Pork Roast with Herb Rub
A combination of dry herbs gives pork an out-of this-world flavor. This wonderful, moist roast is a family favorite—and it makes great company fare, too. —Carolyn Pope, Mason City, Iowa
Total TimePrep: 5 min. + chilling Bake: 1-1/4 hours + standing
- 2 tablespoons sugar
- 2 teaspoons dried marjoram
- 2 teaspoons rubbed sage
- 1 teaspoon salt
- 1/2 teaspoon celery seed
- 1/2 teaspoon ground mustard
- 1/8 teaspoon pepper
- 1 boneless pork loin roast (4 pounds)
- Mix first seven ingredients; rub over roast. Refrigerate at least 4 hours.
- Preheat oven to 350°. Place roast on a rack in a roasting pan, fat side up. Roast until a thermometer reads 145°, 1-1/4 to 1-3/4 hours.
- Remove roast from oven; tent with foil. Let stand 15 minutes before slicing.
Nutrition Facts4 ounces cooked pork: 198 calories, 7g fat (3g saturated fat), 75mg cholesterol, 240mg sodium, 2g carbohydrate (2g sugars, 0 fiber), 29g protein. Diabetic Exchanges: 4 lean meat.
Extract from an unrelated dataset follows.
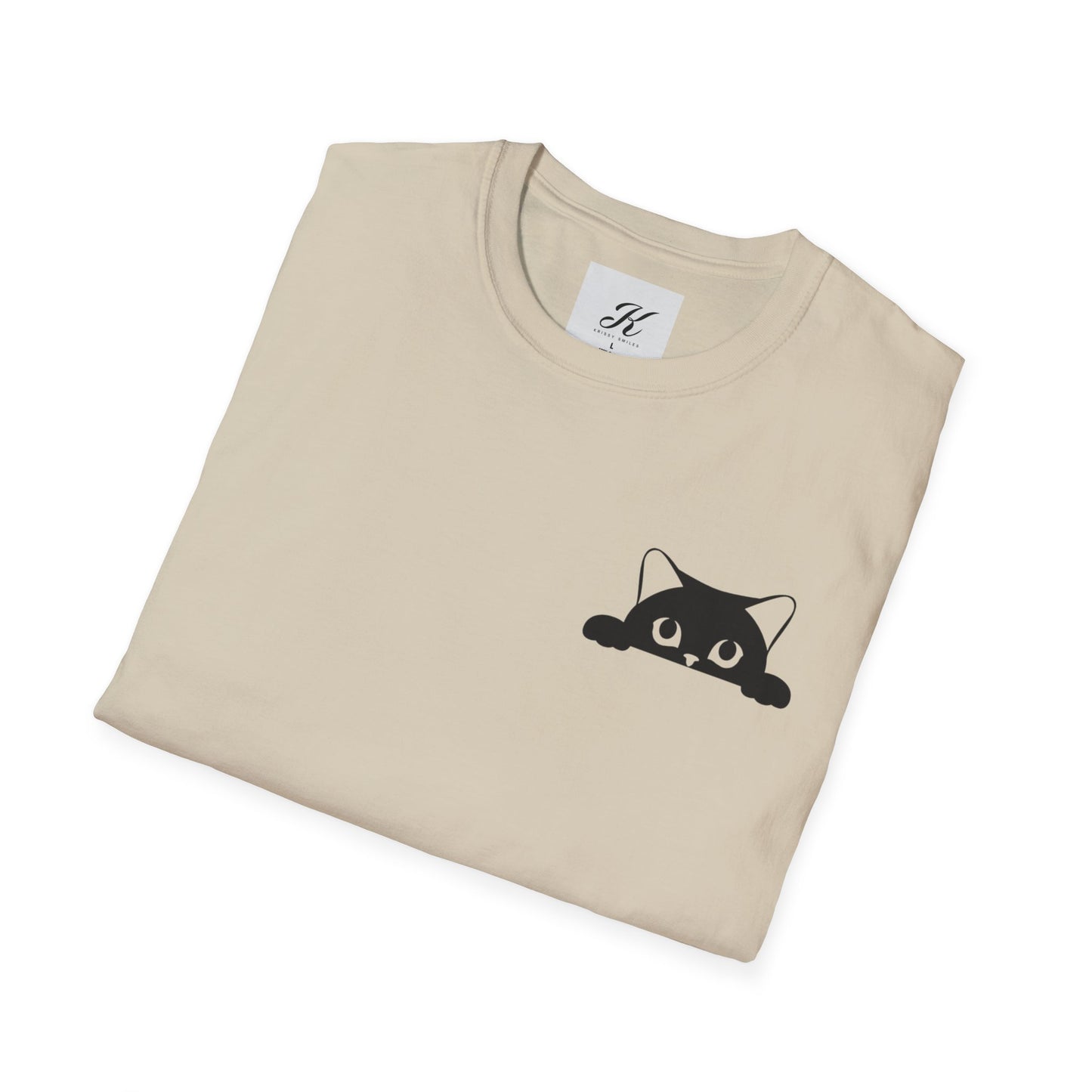 Cute Cat Mama Unisex Softstyle T-Shirt - Perfect Gift for Cat Lovers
Originally published as Herbed Pork Roast in Quick Cooking May/June 1998
Dec 27, 2015
This was ok. Not much flavor inside the pork. Not sure if I would make again.
May 7, 2015
Beyond excellent but add to directions "spray the pan with Pam".
Dec 27, 2014
I made a couple changes and this is the best rub ever!